Anecdotally, this trend appeared to extend to localized geographies as well. It was much more challenging to verify regional and local differences due to thinning of the dataset across a broader number of feature values. There were instances where it appeared that workers in the South Eastern United States for example were compensated lower than their North Eastern and West Coast counterparts. Likewise, similar trends were somewhat visible when evaluating rural vs urban regions but more concerte data and analysis of this phenomena is required to confirm. If proven, this could likewise challenge the ethics of current insourcing practices.
The important takeaway from this is that the difference in compensation across geographic boundaries is not simply a difference in currency value. It is not simply a cost of living adjustment but rather is a quality of life adjustment. Workers in developing economies are objectively compensated lower purchasing power because of their disadvantaged economic situation.
Compensation Structure
The second most important feature in the dataset for predicting compensation is the percent of an individual’s compensation that is fixed or guaranteed. This feature primarily affected only workers in the United States. Despite being limited to affecting only 40% of the sample population, the impact on compensation was enough to make it the second most important feature.
Country GNI Per Capita <= 55840 | Country GNI Per Capita > 55840 | |
---|---|---|
Min | 11,315 | 29,200 |
Q1 | 37,718 | 110,513 |
Median | 61,292 | 135,000 |
Q3 | 89,754 | 172,100 |
Max | 198,020 | 425,000 |
As shown in the distribution above, workers in the United States who accept a higher percentage of variable pay are much more likely to out earn their fixed pay counterparts. Workers falling into a more traditional salary plus bonus or other high percent fixed structure are likely to earn only 45% of the amount their variable pay peers are compensated on average. There are some important aspects to note about this relationship. For the rest of this analysis, the greater than 85% fixed pay group will be referred to as the low risk pay group and the other group the high risk pay group.
First, the relationship does not have a strong correlation, rather the relationship appears probabilstic. That is, there appears to be no relationship where each step increase in variable percentage correlates to some proportional increase in total compensation. Rather, there is a region between 80% and 90% fixed compensation where the probability of high earners on one side of the line and low earners on the other side of the line is at it’s peak. The 85% fixed compensation line is where this probabilistic split has it’s greatest effect on the resulting distributions.

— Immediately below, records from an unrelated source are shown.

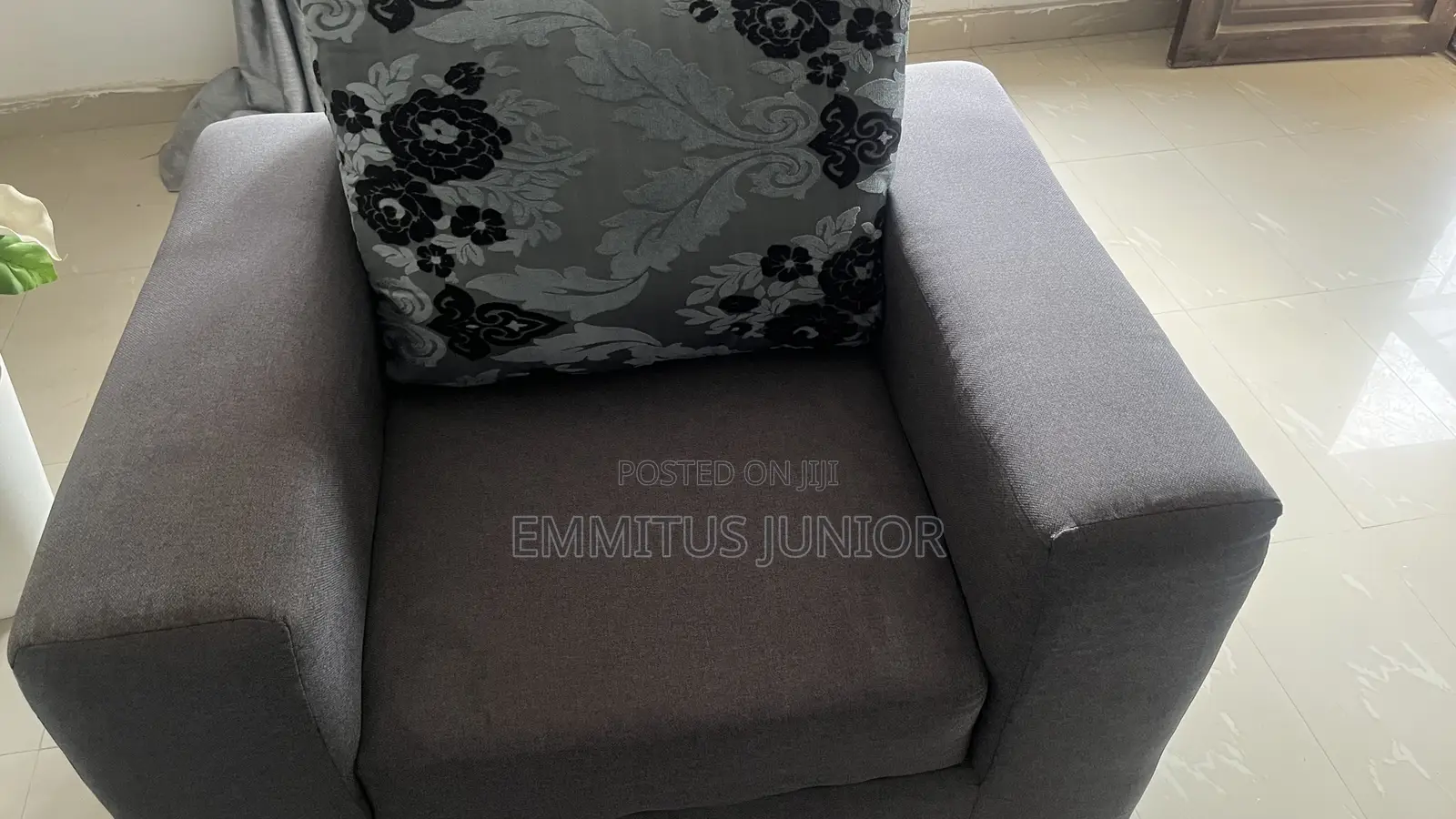 Gery Color Sofa With Center Table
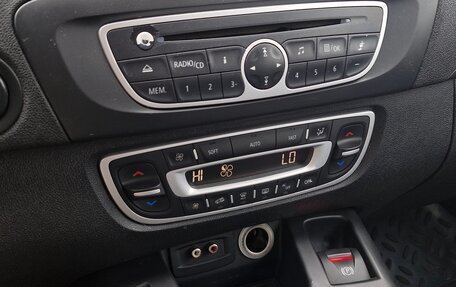 Renault Scenic III, 2010 год, 699 000 рублей, 2 фотография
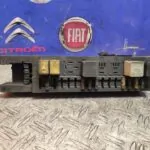 CAJA RELES / FUSIBLES 104038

Second, the minimum value for the high risk pay group is extremely misleading. Most of the first quartile of that pay group is skewed toward the upper first quartile line with very few approaching the minimum. While the boxplot is better at protecting anonymity of individual survey submissions, it hides some of the concentration of values. In this case, it’s very important to note that nearly every worker in the high risk pay group is within or above the fourth quartile of the low risk pay group. The impact of this feature for US Based workers is quite extreme.

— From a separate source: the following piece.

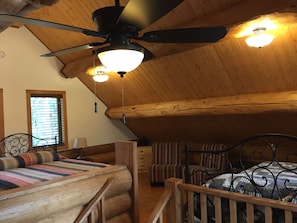 1 bedroom, travel cot, bed sheets - Cabin1 - A beautiful log cabin in the heart of the Canadian Rocky Mountains (Nordegg)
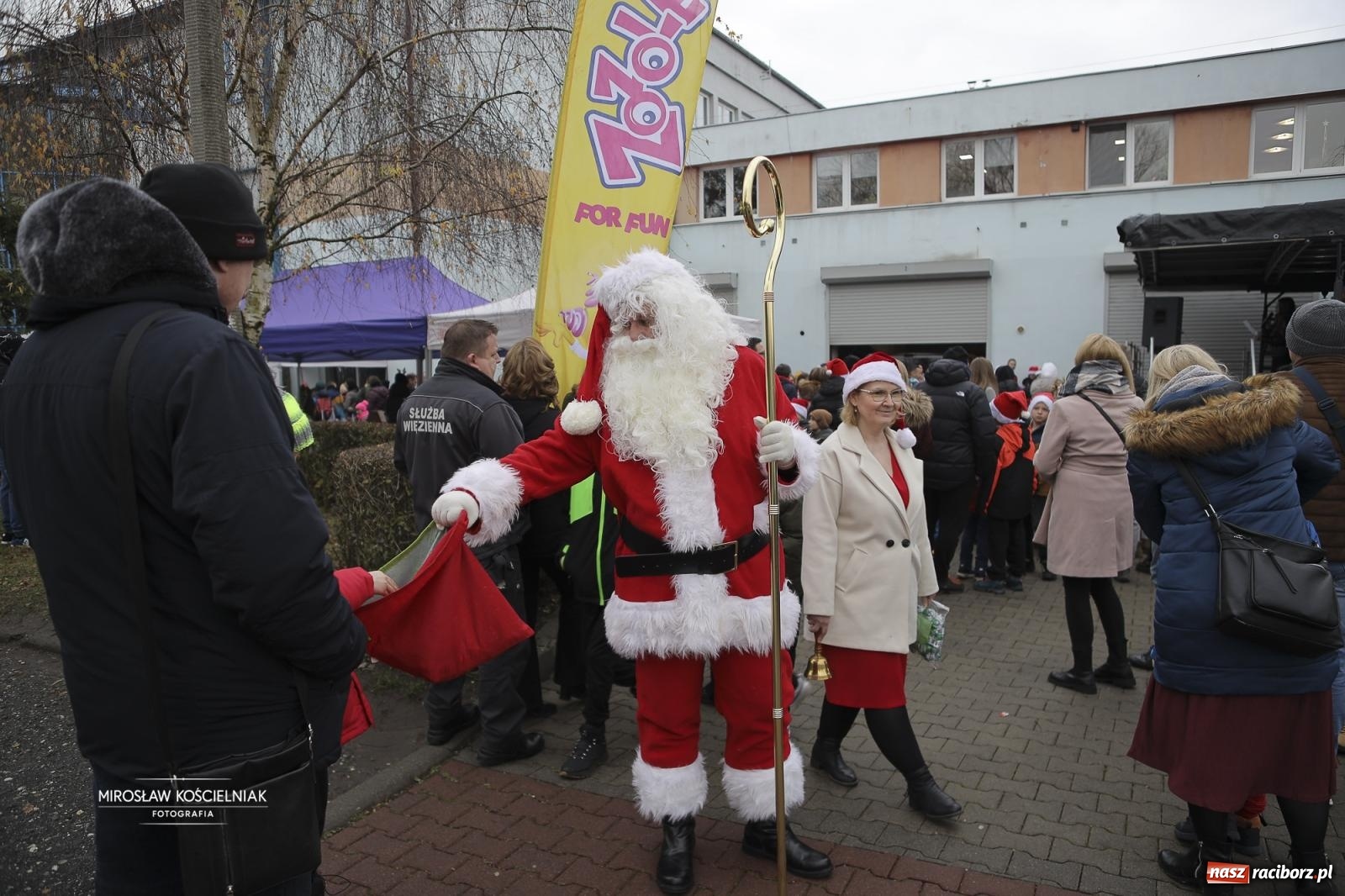 Zdjęcie w galerii na portalu naszraciborz.pl: XII Mikołajkowe Zawody Pływackie i jarmark z ZSOMS [FOTO i WIDEO] wiadomości z regionu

Third, the cause of variable pay in the high risk pay group varies significantly. Some worked significantly more hours and were hourly. Some worked significantly more hours and were salary. Some did not work more hours at all. Some participated in sales. There was no single mechanism by which the high risk pay group assumed higher risk. The only consistency between them was that a large percentage of their compensation was in fact at risk for some reason or another.
Of the three most important features, percent fixed compensation is the one over which workers may have the most control. Conversely, not all workers are equally positioned to assume more risk in their compensation. Also, strategies that leverage increasing risk in order to increase compensation will be highly dependent on a number of aspects outside of the worker’s control such as their ability to assume the risk and employers' willingness and ability to reward the risk. Even if every worker was able to assume additional risk, that does not directly imply that the market is willing sustain more higher risk pay group workers. These constraints may significantly limit how many workers can leverage risk taking strategies to yield higher compensation. For those who can, the reward may be well worth the risk according to current data.
Years of Experience
The third most important feature is in fact a collection of closely correlated features, years of experience. The salary survey responses included breakdowns of total years of experience, years of experience in IT, and years of experience in ServiceNow in addition to a few others that were not included in the top feature group. Although models were trained using only total, IT, or ServiceNow years of experience, the best result was obtained when selecting specific experience for different countries. For the United States and Australia, ServiceNow experience was most correlated with compensation. For India, IT experience was most relevant. Lastly, for the United Kingdom and Canada, total experience was most informative. Other countries had few enough responses that the median value of the country was used for prediction without regard for experience.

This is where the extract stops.